Ointment of elemi was in all the London Pharmacopœias, and was only dropped from the B.P. 1898. In the earlier issues it was called “unguentum or linimentum Arcœi,” because it had been introduced and recommended by Arcœus of Amsterdam in 1574, for healing wounds. A similar ointment was called “Balsamum Arcœi” in the Prussian Pharmacopœia of 1847. The inventor’s formula was to melt together six parts each of gum elemi and turpentine, and add six parts of melted stag’s suet, and two parts of oil of St. John’s wort. Arcœus was a Spaniard by birth, and an eminent authority on the treatment of wounds.
Thomas Fowler kept an apothecary’s shop in York from 1760 to 1774. In the latter year he relinquished trade, and went to Edinburgh to study medicine. Graduating as M.D. in 1778, he settled at Stafford, and was appointed physician to the Infirmary of that town. Later, he returned to York, where he acquired a large practice, and where he died in 1801.
It was in 1786, during his residence at Stafford, that Dr. Fowler published his treatise, entitled “Medical Reports of the Effects of Arsenic in the Cure of Agues, Remitting Fevers, and Periodic Headaches.” It was only a small work, but it made Fowler’s reputation, and introduced arsenic into the list of recognised remedies. The doctor stated that a certain Patent Ague Drops known as Tasteless Ague and Fever Drops, which had acquired some reputation in this country, had been occasionally tried in the Stafford Infirmary, and had been found efficacious. With the assistance of the apothecary to the Infirmary, a Mr. Hughes (“whose industry, attention, and abilities in his professional line justly merit applause”) he had ascertained that these drops were a preparation of arsenic, and he goes on to detail the experiments which led him and Mr. Hughes to devise the following formula as representative of the patent medicine:—
“Recipe arsenici albi in pulverem subtilissimum triti.
“Salis alkalini fixi vegetabilis purificati, singulorum grana sexaginta quatuor.
“Aquæ fontanæ destillatæ, libram dimidiam.
“Immitantur in Ampullam florentinam qua in Balneo Arenæ posita, Aqua lente ebulliat donec Arsenicum perfecte Solutum fierit. Deinde Solutioni frigidæ adde.

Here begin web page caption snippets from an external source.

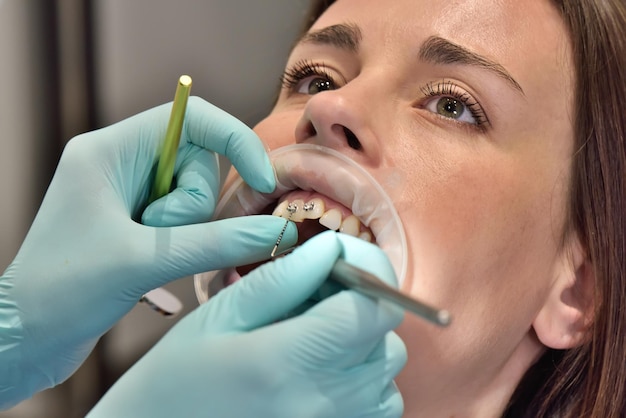 Il dentista esamina i denti con le parentesi graffe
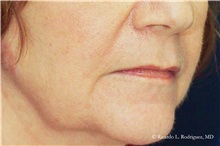 Lip Augmentation/Enhancement Before Photo by Ricardo Rodriguez, MD; Lutherville-Timonium, MD - Case 32581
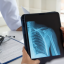 Samsung taps Lunit to bring AI detection to its chest X-ray scanners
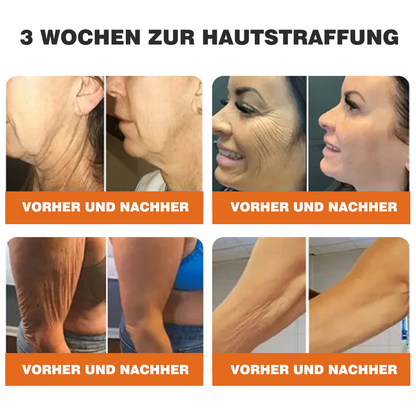 🔥Ourlyard® Bee Venom Pro Comprehensive Cream — 🔥80% OFF for a Limited Time🔥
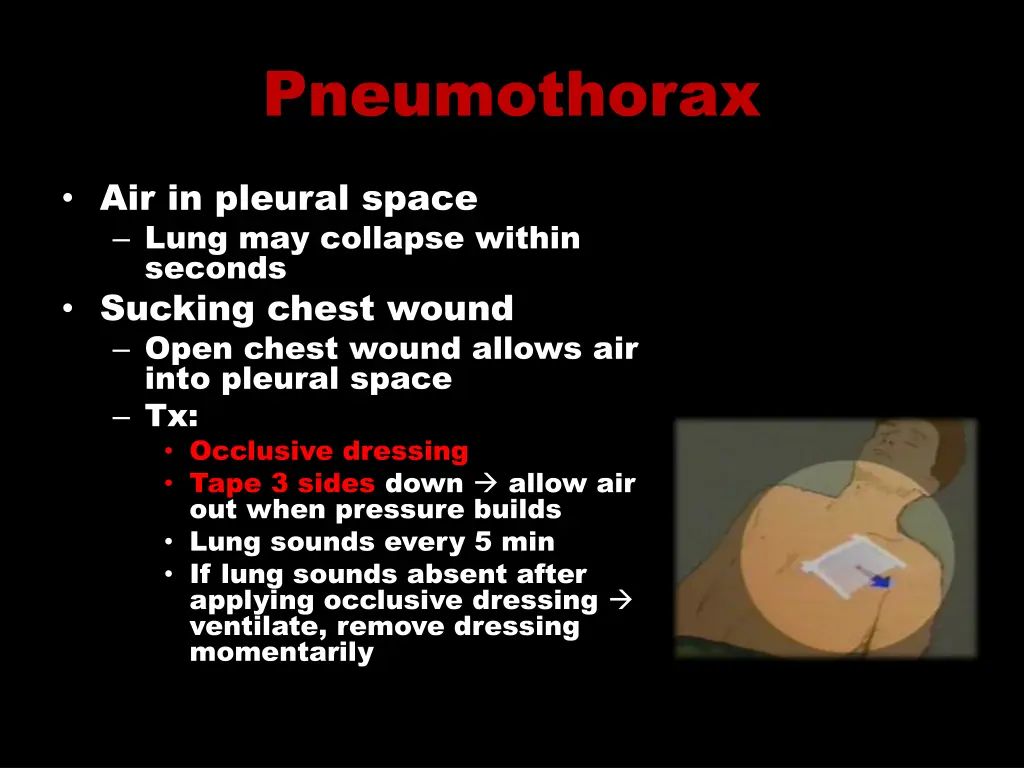 pneumothorax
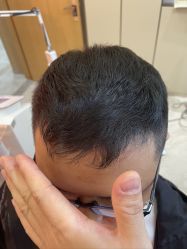 -大麦微针植发丨全国连锁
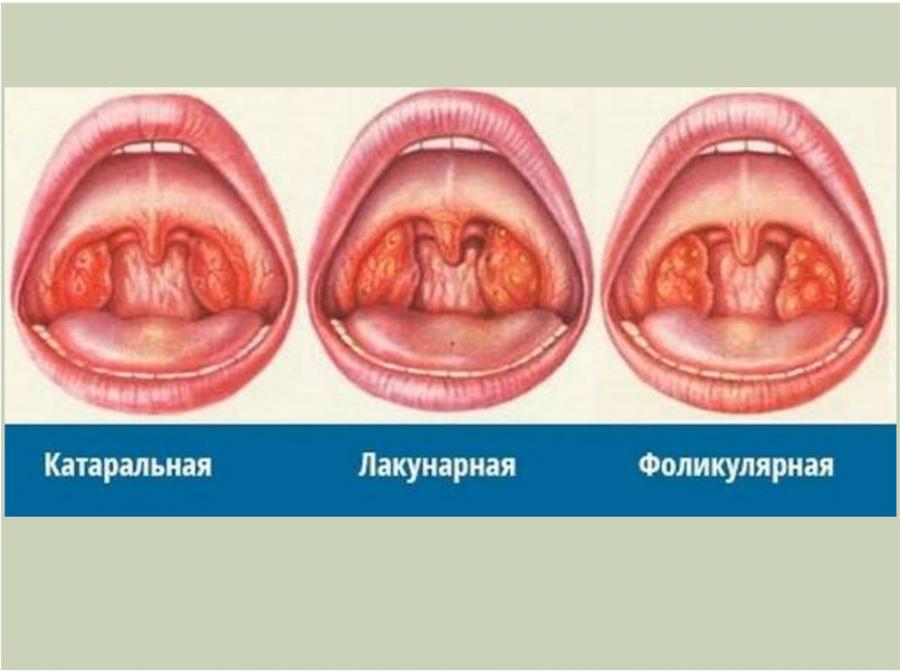 Виды ангины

“Spiritus Lavendulæ compositum, unciam dimidiam.
“Aquæ fontanæ destillatæ, libram dimidiam, plus vel minus, adeo ut solutionis mensura libra una accurata fiat, vel potius Pondere unciæ quindecim cum dimidia.”
Fowler reminds his readers that of course troy weights are intended, and he explains that the spirit of lavender is added merely to give the mixture a medicinal appearance, lest patients entrusted to drop it for themselves might be tempted to use a water-white solution too freely. He also suggests that as arsenic conveys rather alarming ideas, this medicine should be described as “mineral solution.”
It is universally recognised that Fowler introduced the modern medicinal employment of arsenic, but it should in fairness be remembered that he was guided to his discovery by a quack remedy, as lie himself fully acknowledged.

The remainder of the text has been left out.